ABOUT THIS TASK: Output, exactly and alone, the lines from the one containing "Zombie card tokens" through the last line of the material below, both ends included.

SUPPLIED MATERIAL:

* * * *

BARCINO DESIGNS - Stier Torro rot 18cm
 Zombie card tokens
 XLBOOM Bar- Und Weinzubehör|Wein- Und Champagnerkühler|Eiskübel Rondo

* * * *

ANSWER TO THIS EXERCISE:
 Zombie card tokens
 XLBOOM Bar- Und Weinzubehör|Wein- Und Champagnerkühler|Eiskübel Rondo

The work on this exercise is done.